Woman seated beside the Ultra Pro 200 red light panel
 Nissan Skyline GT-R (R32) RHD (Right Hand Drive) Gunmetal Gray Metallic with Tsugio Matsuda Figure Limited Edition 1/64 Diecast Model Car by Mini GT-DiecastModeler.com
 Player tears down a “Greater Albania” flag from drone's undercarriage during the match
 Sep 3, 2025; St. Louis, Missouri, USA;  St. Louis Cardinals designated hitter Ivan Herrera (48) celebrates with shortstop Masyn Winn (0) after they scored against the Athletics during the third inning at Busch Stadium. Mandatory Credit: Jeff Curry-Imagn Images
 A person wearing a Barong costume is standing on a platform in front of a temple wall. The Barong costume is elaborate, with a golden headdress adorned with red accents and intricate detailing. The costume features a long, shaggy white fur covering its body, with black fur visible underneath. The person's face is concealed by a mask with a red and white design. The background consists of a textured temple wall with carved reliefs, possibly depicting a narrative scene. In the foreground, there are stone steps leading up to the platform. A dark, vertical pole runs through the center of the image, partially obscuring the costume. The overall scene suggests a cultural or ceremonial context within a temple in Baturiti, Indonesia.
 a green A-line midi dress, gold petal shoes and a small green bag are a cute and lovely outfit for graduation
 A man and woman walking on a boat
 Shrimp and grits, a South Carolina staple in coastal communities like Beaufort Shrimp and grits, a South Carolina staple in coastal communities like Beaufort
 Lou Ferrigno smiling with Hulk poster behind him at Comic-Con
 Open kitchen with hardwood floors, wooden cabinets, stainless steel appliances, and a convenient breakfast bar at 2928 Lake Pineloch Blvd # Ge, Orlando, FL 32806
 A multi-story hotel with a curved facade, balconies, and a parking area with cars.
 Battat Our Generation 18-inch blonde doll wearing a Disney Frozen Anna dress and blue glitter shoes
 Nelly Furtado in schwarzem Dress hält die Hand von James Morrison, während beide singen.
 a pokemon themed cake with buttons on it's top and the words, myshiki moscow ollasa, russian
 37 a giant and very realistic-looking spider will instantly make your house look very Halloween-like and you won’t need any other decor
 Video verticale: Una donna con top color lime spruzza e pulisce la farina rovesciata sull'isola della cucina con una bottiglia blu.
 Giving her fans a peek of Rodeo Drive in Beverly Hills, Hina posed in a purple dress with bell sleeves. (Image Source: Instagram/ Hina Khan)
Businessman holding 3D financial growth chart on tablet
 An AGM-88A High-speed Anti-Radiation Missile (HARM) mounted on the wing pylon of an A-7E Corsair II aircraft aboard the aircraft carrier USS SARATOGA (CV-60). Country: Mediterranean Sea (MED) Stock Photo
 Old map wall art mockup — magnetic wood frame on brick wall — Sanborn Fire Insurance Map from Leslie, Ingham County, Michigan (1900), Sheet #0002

..............................

> [What is being asked] Above are the records. Copy every line in them holding "Hand".

> [Task solution]
 Nissan Skyline GT-R (R32) RHD (Right Hand Drive) Gunmetal Gray Metallic with Tsugio Matsuda Figure Limited Edition 1/64 Diecast Model Car by Mini GT-DiecastModeler.com
 Nelly Furtado in schwarzem Dress hält die Hand von James Morrison, während beide singen.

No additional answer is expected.